The relatively easily condensable hydrocarbons present in the gaseous stream can either comprise a single homogeneous hydrocarbon substance encompassed by any one of the generic groups enumerated above, or they can be a mixture of any of such substances, so long as the relative proportions of the individual components of such mixtures are such that the condensation point, the viscosity, the density and other properties of the mixture fall within the range of the respective properties of the relatively easily condensable hydrocarbons specified above.
After the injection of the hydrogen sulfide, either with or without condensable compounds, is completed, the in-situ combustion proceeds in the usual manner, i.e., the temperature of the formation is brought to or near the combustion temperature and an oxygen containing gas such as oxygen, air, or oxygen enriched air is injected into the formation via the injection well in a conventional manner as described in S. M. Farouq Ali, A Current Appraisal of In-Situ Combustion Field Tests, THE JOURNAL OF PETROLEUM TECHNOLOGY, pp. 477-486, (April, 1972), the entire contents of which are incorporated herein by reference.

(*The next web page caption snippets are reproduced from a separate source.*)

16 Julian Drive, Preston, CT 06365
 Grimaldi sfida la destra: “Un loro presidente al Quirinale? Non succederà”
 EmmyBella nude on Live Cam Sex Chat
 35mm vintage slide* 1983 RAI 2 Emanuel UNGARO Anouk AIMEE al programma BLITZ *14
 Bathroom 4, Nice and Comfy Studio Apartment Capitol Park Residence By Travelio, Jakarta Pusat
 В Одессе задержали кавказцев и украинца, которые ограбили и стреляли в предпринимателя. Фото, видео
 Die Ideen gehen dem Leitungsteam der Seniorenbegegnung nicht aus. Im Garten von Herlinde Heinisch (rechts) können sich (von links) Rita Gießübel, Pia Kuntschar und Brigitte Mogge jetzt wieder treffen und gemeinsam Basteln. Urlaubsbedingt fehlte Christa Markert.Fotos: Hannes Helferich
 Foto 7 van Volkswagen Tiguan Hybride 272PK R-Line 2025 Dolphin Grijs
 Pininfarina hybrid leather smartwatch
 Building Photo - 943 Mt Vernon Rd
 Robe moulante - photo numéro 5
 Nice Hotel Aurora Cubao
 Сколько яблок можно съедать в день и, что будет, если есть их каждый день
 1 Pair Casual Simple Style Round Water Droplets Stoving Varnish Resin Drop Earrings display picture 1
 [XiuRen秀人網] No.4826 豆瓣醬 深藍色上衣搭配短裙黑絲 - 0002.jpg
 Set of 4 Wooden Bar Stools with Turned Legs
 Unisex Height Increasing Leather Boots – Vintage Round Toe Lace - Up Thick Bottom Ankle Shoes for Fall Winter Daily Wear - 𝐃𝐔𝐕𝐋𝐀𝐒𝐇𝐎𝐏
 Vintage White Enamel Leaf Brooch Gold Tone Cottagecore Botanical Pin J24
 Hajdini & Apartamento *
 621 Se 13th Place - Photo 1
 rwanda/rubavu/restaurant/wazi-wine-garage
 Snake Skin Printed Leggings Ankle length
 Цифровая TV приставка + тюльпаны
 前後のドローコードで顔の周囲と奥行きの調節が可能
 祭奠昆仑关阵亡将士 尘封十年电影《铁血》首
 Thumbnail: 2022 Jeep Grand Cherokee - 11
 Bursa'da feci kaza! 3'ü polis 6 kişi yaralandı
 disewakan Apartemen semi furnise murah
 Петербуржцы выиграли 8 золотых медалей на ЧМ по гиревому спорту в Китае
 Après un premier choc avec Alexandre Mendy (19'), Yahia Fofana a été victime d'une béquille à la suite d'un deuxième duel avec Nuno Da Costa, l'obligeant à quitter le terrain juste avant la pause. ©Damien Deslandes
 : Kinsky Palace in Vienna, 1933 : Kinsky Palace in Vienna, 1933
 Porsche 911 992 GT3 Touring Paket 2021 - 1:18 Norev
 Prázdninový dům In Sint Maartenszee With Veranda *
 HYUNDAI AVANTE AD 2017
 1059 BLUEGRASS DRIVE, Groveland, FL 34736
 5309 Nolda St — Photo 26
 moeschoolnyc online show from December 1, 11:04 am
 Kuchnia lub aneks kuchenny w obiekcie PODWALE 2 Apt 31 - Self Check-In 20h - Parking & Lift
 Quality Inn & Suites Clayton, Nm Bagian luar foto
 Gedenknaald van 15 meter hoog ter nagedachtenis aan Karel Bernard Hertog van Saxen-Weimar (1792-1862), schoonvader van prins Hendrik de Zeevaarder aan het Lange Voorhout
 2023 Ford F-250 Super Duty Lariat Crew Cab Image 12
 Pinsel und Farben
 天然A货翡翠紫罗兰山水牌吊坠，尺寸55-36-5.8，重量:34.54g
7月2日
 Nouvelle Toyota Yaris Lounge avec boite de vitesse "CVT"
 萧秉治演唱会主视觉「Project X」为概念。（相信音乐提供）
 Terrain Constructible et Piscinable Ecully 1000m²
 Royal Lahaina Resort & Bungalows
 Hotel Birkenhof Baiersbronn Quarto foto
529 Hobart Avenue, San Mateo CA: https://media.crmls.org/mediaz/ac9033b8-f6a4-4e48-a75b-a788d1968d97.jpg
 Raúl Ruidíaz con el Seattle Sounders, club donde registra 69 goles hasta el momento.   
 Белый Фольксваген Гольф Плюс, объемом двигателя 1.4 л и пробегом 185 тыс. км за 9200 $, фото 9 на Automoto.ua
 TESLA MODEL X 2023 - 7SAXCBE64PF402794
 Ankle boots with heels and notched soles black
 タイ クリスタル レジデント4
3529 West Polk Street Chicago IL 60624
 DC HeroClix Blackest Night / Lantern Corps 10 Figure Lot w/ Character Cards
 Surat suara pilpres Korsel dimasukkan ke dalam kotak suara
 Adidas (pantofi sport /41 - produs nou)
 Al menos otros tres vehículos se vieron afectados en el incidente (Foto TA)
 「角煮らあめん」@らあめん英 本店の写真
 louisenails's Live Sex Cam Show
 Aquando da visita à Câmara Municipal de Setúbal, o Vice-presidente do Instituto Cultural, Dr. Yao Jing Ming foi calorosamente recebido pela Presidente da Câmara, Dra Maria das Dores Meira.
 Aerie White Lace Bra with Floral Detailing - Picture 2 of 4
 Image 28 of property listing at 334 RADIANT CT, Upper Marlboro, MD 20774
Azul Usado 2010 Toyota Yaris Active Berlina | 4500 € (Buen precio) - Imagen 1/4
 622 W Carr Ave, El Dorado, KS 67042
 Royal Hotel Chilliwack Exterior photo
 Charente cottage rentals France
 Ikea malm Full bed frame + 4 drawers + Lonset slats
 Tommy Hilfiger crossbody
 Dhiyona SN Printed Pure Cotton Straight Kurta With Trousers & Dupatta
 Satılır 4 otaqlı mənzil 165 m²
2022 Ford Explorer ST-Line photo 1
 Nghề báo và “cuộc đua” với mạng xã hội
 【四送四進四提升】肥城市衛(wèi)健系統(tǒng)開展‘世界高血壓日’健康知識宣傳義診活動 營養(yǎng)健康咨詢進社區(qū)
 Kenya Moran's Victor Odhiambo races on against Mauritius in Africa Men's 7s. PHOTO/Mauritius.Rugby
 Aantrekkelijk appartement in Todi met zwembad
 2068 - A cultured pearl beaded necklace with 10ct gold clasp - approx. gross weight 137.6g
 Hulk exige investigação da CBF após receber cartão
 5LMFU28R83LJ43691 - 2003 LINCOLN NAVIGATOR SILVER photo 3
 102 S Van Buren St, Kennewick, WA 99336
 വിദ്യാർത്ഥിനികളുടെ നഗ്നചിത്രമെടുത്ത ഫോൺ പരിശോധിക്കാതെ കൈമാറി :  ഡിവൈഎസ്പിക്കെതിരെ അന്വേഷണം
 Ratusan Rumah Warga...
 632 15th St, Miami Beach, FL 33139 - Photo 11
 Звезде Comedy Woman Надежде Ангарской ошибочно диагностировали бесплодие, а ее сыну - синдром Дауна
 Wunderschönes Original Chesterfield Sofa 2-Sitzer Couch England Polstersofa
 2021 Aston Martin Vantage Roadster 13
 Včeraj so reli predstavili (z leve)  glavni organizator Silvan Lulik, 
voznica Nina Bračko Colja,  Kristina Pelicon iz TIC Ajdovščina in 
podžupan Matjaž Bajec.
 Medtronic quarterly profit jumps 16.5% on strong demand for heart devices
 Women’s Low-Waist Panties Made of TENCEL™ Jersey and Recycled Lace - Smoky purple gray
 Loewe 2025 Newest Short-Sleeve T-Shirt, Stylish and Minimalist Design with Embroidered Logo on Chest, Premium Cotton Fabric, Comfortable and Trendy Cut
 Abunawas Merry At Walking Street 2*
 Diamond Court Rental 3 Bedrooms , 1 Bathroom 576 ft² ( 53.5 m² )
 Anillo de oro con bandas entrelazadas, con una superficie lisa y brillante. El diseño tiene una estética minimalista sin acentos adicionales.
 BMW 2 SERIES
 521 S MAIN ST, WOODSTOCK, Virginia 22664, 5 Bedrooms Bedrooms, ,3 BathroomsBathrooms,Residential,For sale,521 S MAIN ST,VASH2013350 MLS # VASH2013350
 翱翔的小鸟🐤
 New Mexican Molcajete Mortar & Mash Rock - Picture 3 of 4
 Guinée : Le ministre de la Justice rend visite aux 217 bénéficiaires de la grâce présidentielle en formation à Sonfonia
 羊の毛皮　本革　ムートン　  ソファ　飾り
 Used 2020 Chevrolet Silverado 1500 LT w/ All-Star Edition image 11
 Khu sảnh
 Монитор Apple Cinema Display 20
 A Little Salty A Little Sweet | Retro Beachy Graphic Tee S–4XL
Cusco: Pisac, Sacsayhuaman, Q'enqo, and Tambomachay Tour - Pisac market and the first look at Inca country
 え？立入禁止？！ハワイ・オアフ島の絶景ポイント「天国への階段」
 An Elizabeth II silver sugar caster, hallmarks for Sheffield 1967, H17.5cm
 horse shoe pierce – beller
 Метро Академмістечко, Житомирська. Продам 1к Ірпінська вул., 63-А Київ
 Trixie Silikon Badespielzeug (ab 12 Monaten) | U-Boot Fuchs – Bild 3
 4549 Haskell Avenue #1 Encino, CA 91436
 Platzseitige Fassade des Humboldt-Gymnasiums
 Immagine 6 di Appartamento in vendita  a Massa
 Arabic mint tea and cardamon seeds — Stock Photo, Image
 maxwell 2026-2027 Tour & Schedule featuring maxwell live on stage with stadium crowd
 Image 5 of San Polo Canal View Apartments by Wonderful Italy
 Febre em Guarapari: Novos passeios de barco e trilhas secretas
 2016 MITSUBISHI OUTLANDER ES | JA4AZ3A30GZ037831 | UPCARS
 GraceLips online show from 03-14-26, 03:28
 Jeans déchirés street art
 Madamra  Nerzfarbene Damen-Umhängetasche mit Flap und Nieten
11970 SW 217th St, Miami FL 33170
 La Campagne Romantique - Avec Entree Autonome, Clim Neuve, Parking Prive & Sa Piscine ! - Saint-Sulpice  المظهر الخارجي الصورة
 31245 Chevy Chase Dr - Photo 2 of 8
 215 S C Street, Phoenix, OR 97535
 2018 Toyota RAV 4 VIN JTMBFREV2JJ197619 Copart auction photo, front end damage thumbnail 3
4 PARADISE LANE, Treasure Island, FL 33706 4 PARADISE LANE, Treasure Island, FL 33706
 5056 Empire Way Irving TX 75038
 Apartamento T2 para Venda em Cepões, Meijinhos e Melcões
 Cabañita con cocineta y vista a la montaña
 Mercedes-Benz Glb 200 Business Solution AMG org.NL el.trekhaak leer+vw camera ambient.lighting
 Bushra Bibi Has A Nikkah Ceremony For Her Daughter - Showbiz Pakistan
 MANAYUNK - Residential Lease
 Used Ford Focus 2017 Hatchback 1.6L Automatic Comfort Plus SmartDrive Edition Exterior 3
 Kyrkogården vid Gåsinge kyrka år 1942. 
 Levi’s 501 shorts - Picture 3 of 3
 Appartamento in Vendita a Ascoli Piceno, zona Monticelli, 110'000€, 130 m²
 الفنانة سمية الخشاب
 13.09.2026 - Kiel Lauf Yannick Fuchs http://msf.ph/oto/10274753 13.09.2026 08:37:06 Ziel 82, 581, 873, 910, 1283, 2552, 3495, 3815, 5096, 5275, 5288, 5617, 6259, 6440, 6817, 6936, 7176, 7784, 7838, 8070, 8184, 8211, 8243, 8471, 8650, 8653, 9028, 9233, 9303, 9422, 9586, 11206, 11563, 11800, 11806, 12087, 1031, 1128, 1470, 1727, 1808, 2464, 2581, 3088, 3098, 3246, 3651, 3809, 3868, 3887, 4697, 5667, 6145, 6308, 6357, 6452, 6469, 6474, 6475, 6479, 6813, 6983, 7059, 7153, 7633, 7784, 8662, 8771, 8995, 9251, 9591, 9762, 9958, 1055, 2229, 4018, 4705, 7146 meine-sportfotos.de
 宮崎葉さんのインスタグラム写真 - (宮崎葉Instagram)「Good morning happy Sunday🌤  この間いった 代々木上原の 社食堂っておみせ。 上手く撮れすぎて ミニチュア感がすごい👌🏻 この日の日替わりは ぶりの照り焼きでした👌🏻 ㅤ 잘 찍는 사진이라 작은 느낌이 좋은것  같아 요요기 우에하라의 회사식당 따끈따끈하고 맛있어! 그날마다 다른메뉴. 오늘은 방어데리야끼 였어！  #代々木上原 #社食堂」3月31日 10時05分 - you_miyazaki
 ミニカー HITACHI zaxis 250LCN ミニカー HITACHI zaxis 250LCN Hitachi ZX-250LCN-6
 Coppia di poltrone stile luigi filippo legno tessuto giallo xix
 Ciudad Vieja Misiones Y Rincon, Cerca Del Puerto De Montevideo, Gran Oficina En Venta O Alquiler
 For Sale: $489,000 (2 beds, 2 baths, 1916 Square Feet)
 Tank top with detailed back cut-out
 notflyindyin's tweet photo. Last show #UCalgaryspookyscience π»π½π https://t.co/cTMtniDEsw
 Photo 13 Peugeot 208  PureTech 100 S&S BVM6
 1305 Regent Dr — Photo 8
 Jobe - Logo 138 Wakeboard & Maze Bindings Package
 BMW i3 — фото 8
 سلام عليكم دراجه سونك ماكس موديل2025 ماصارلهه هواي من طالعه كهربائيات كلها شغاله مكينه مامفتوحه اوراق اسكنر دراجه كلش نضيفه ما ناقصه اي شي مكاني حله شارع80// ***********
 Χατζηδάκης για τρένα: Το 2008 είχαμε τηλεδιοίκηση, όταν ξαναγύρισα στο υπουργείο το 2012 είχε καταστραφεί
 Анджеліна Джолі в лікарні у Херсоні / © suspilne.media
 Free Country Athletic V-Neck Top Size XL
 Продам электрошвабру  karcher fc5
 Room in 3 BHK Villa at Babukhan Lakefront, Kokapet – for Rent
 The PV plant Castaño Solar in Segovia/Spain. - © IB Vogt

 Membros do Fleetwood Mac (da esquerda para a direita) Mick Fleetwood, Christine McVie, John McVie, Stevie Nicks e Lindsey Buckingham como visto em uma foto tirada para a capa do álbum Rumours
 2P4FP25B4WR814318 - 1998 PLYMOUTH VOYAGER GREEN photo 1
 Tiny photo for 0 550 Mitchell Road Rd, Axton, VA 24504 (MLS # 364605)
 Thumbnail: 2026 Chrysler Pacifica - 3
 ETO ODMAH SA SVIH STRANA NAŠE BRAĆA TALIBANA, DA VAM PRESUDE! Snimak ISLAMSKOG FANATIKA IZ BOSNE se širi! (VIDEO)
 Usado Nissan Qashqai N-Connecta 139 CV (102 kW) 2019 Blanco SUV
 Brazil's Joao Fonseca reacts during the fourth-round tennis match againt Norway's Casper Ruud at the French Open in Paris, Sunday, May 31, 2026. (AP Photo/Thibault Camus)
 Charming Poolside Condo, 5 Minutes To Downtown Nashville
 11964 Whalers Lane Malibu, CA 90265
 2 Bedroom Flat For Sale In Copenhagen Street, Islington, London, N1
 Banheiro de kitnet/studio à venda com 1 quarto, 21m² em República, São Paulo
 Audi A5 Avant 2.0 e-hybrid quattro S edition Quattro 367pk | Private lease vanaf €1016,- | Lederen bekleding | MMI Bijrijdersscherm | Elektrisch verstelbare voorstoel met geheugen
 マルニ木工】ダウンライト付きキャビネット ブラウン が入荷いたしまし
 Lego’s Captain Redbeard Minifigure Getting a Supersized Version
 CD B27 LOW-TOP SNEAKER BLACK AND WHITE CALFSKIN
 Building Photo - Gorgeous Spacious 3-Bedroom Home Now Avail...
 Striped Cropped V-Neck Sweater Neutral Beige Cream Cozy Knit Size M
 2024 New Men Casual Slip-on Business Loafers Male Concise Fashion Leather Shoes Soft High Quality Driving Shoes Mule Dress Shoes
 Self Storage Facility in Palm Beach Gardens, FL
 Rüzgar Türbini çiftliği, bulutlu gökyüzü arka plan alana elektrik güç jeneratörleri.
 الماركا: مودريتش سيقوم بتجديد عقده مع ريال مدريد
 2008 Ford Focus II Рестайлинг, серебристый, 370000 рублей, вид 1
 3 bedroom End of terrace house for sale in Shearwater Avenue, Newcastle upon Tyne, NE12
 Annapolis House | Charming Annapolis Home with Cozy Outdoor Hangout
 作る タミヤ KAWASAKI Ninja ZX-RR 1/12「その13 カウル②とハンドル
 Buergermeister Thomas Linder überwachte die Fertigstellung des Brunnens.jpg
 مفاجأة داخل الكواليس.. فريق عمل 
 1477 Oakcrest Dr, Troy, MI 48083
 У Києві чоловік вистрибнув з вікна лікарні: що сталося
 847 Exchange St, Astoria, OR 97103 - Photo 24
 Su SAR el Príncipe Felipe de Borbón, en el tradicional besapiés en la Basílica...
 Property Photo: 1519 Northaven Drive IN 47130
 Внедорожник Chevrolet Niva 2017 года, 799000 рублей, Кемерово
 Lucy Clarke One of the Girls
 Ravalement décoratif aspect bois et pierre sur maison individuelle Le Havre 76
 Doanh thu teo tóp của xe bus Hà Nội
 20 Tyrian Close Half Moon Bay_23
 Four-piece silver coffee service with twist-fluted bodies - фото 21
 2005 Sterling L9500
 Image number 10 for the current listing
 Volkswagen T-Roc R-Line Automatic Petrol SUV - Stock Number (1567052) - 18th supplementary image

Injection of the oxygen containing gas is continued to propagate the combustion zone through the formation to stimulate recovery of hydrocarbons from the formation via the production well.
The autoignition temperature of hydrogen sulfide (H2 S) is about 260° C. Accordingly, ignition of the subterranean petroliferous formation can be initiated at relatively low formation temperatures.
Once the combustion of the petroliferous material has begun, the hydrogen sulfide previously introduced into the formation and which preferably saturates the formation, aids in the combustion, thereby markedly accelerating the entire combustion process and increasing the yield of recoverable hydrocarbons.
From the foregoing specification one skilled in the art can readily ascertain the essential features of this invention and without departing from the spirit and scope thereof can adopt it to various diverse applications.